***** DATA EXCERPTS

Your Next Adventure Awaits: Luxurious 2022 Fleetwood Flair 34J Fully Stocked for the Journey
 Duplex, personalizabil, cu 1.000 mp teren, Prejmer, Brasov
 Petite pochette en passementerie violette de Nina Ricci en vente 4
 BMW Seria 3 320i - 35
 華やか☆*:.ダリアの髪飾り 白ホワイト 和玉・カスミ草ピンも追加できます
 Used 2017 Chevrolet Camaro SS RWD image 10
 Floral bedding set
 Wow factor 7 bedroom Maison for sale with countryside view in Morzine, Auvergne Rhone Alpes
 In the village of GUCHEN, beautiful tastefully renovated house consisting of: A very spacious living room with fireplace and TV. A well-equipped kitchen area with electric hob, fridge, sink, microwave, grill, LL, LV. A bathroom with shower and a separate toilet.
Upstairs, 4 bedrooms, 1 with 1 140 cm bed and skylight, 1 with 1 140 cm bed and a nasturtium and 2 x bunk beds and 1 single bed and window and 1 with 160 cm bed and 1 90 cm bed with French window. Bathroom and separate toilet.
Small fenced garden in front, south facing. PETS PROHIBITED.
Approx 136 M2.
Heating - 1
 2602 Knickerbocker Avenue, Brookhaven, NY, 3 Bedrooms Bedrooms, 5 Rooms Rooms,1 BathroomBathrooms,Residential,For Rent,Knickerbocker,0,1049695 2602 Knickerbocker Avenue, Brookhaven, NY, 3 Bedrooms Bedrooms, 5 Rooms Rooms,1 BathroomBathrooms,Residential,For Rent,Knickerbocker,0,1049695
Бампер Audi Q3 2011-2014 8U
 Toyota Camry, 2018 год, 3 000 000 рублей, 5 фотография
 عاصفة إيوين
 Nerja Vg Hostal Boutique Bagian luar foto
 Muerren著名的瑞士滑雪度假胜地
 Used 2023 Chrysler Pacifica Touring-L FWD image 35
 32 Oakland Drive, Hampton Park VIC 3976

**********

=== EXERCISE PROMPT ===
Look through the entries above; find each line with the word "toilet" and copy it.

=== EXERCISE RESULT ===
 In the village of GUCHEN, beautiful tastefully renovated house consisting of: A very spacious living room with fireplace and TV. A well-equipped kitchen area with electric hob, fridge, sink, microwave, grill, LL, LV. A bathroom with shower and a separate toilet.
Upstairs, 4 bedrooms, 1 with 1 140 cm bed and skylight, 1 with 1 140 cm bed and a nasturtium and 2 x bunk beds and 1 single bed and window and 1 with 160 cm bed and 1 90 cm bed with French window. Bathroom and separate toilet.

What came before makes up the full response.